* [What you should do]:
Take the lines from the one containing "Used Volvo V60" through the final line below and restate them exactly. Omit the pictures.

* [Supplied material]:
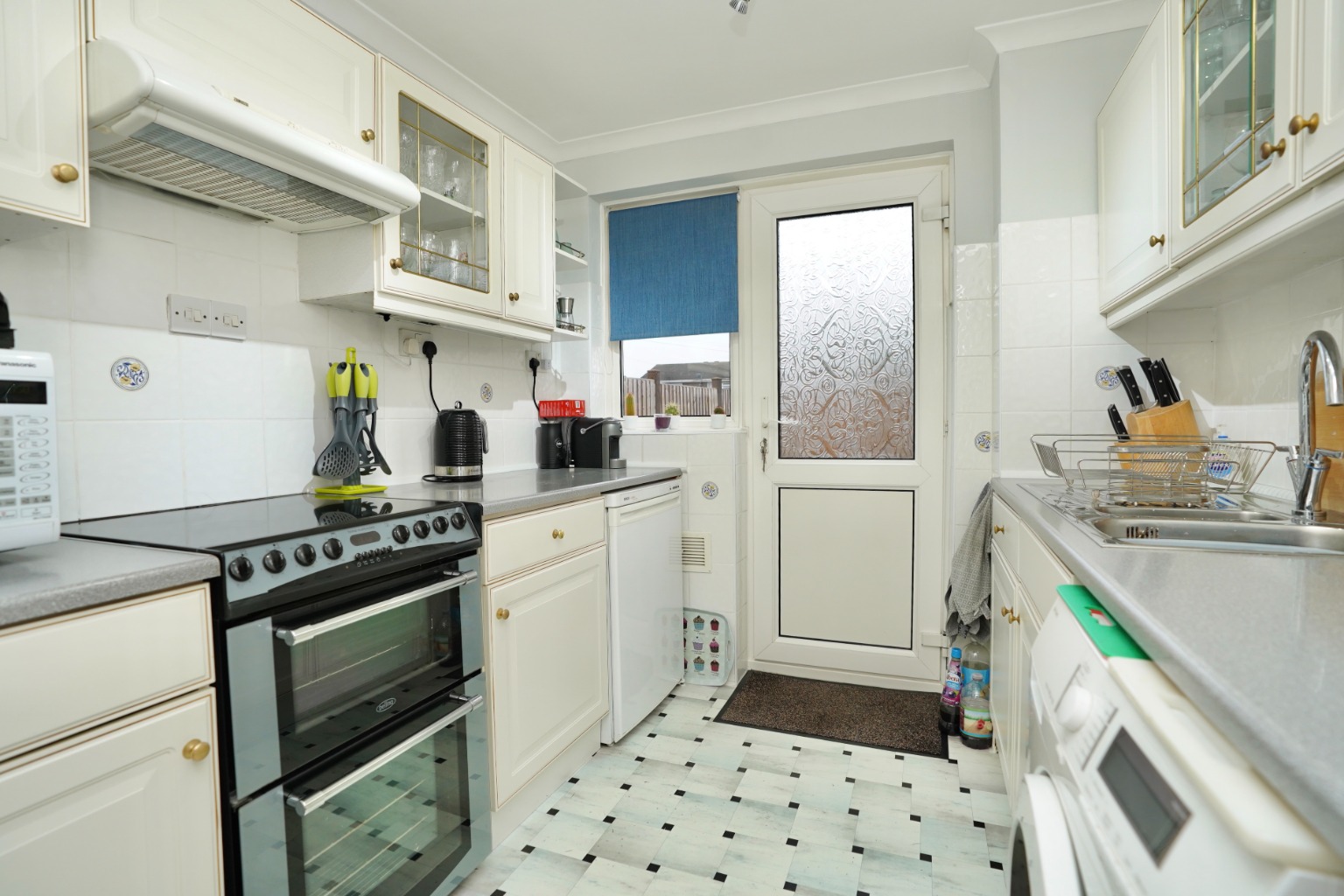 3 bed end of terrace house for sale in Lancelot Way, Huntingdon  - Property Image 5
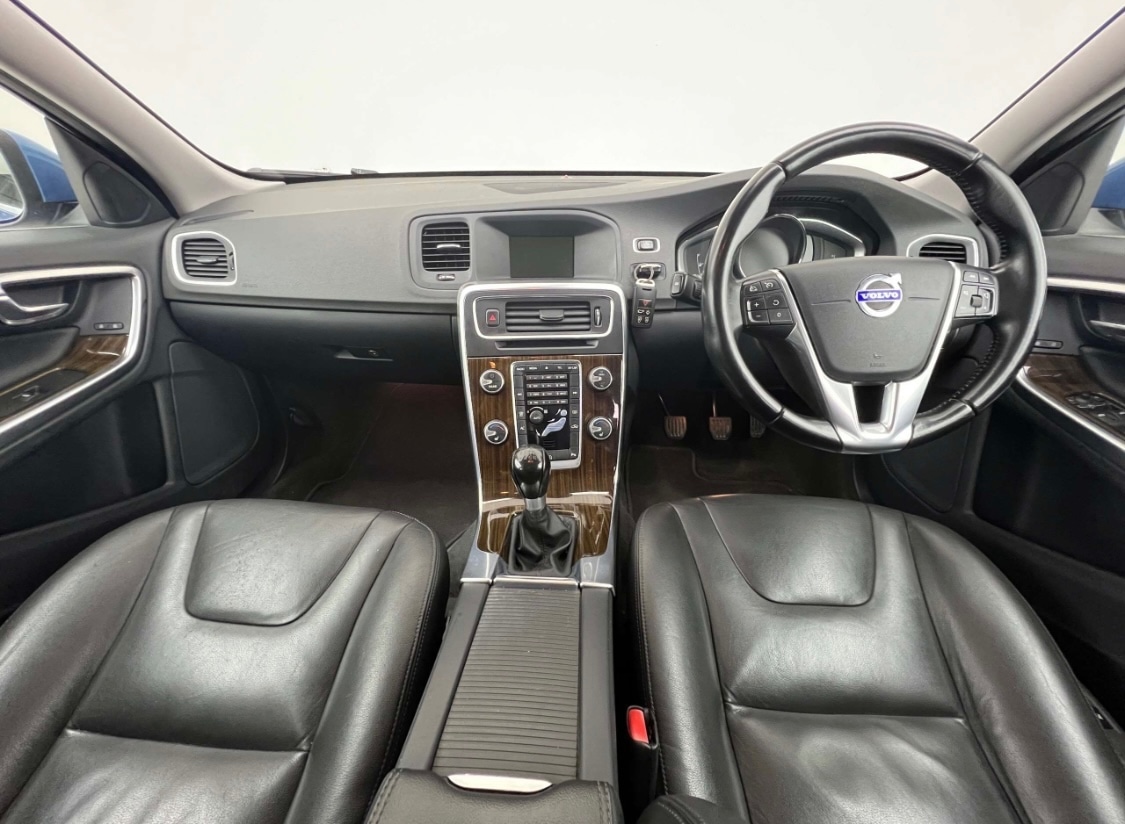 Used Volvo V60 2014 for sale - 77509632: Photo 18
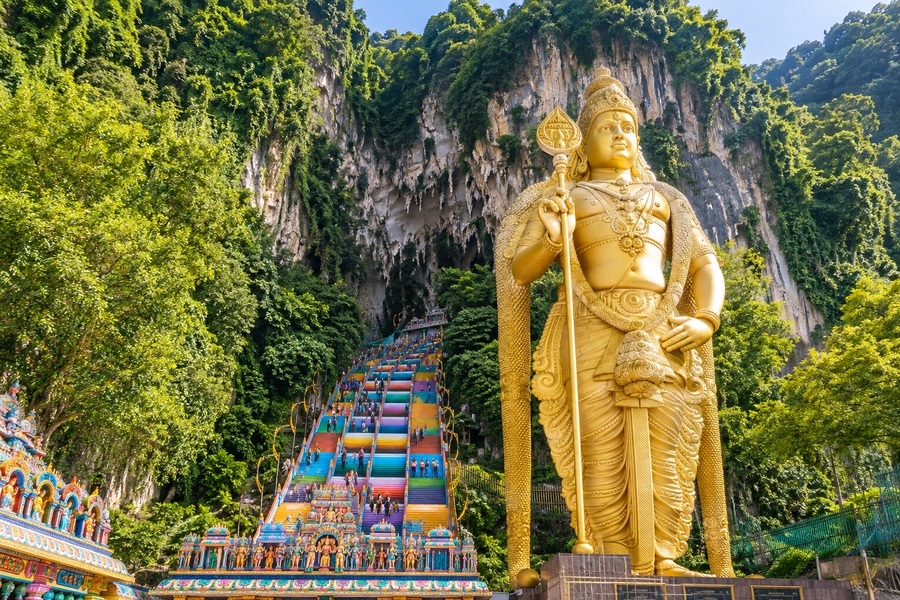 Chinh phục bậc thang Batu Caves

* [Output of the task]:
 Used Volvo V60 2014 for sale - 77509632: Photo 18
 Chinh phục bậc thang Batu Caves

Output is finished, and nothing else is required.